Your instructions | After finding the line with "Open-concept living area" in the data below, set down exactly each line through the one with "Rooftops spread beneath", inclusive, and stop there.

(Brief descriptive captions)
::::
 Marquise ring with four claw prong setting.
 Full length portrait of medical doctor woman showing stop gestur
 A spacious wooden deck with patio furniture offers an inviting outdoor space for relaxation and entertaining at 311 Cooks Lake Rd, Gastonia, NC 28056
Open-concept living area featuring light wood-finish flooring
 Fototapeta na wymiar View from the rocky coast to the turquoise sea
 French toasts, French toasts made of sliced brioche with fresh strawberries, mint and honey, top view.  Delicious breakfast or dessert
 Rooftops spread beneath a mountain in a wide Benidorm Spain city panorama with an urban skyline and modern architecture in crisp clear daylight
::::
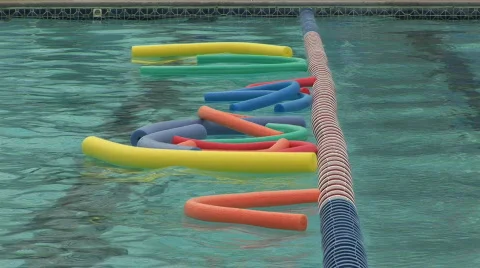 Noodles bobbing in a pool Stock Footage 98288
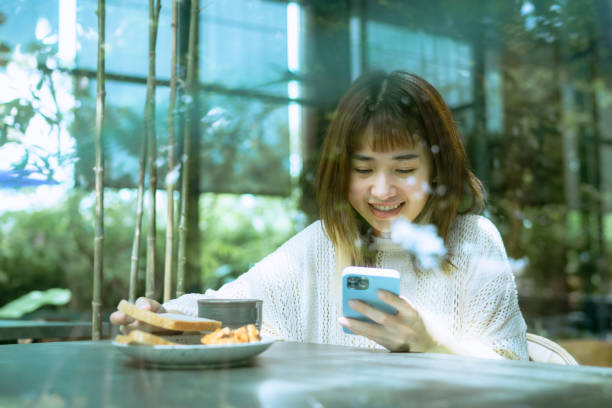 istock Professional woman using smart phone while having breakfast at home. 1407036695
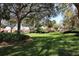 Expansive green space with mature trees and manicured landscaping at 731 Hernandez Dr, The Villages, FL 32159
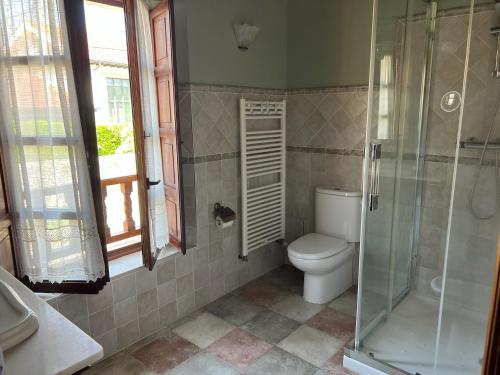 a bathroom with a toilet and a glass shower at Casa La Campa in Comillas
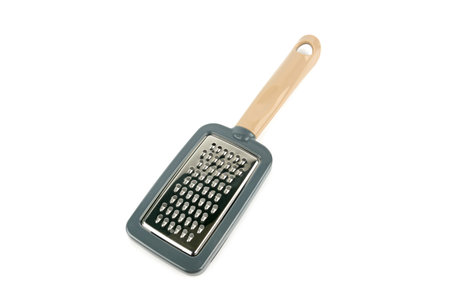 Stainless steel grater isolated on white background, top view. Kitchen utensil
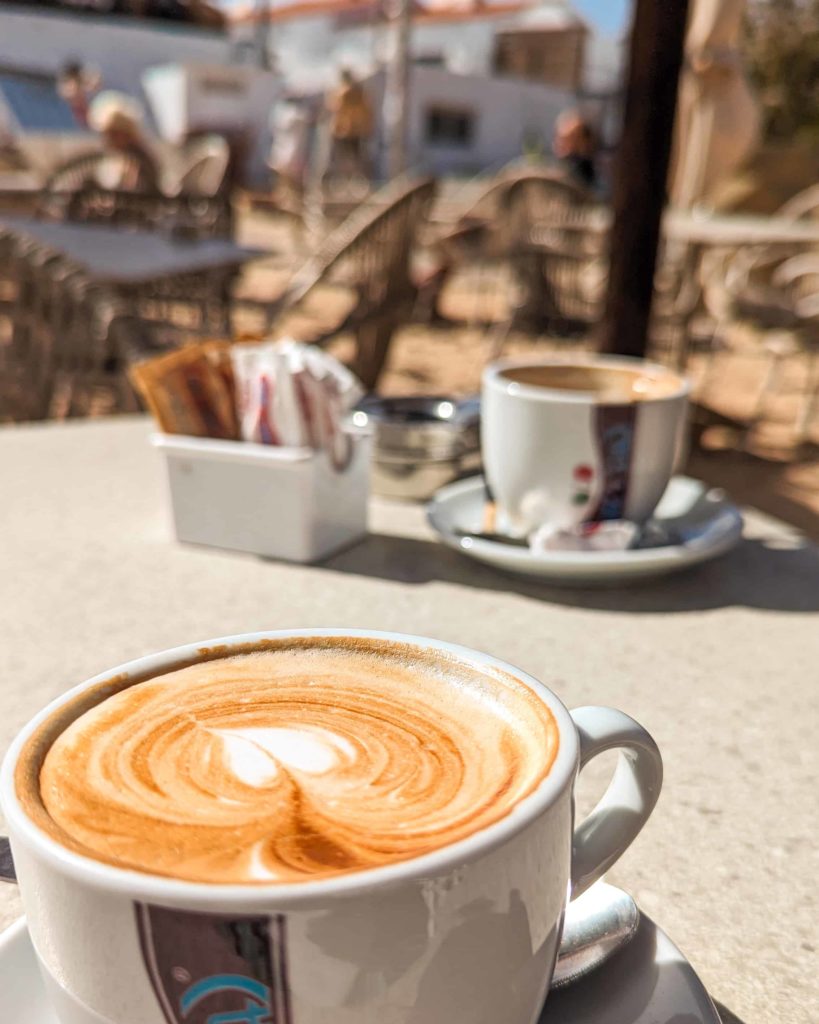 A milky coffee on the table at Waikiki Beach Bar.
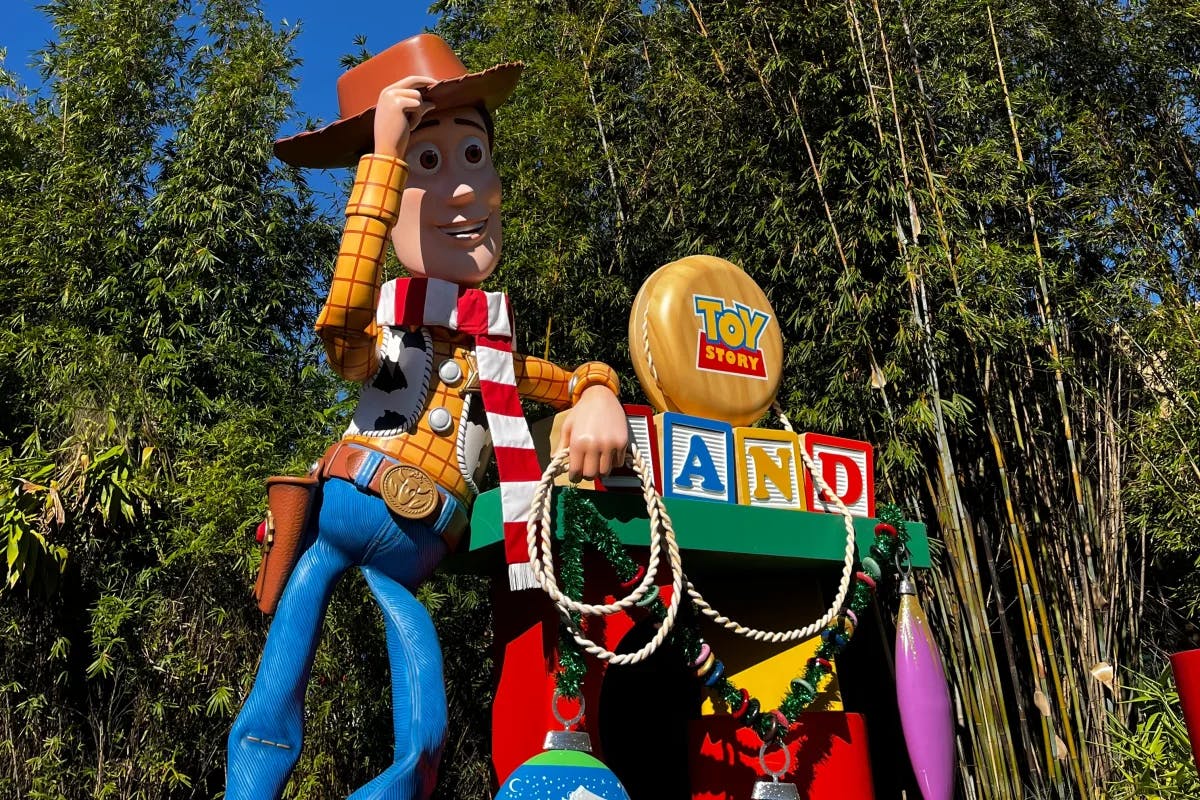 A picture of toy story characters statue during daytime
::::
Expected answer |
Open-concept living area featuring light wood-finish flooring
 Fototapeta na wymiar View from the rocky coast to the turquoise sea
 French toasts, French toasts made of sliced brioche with fresh strawberries, mint and honey, top view.  Delicious breakfast or dessert
 Rooftops spread beneath a mountain in a wide Benidorm Spain city panorama with an urban skyline and modern architecture in crisp clear daylight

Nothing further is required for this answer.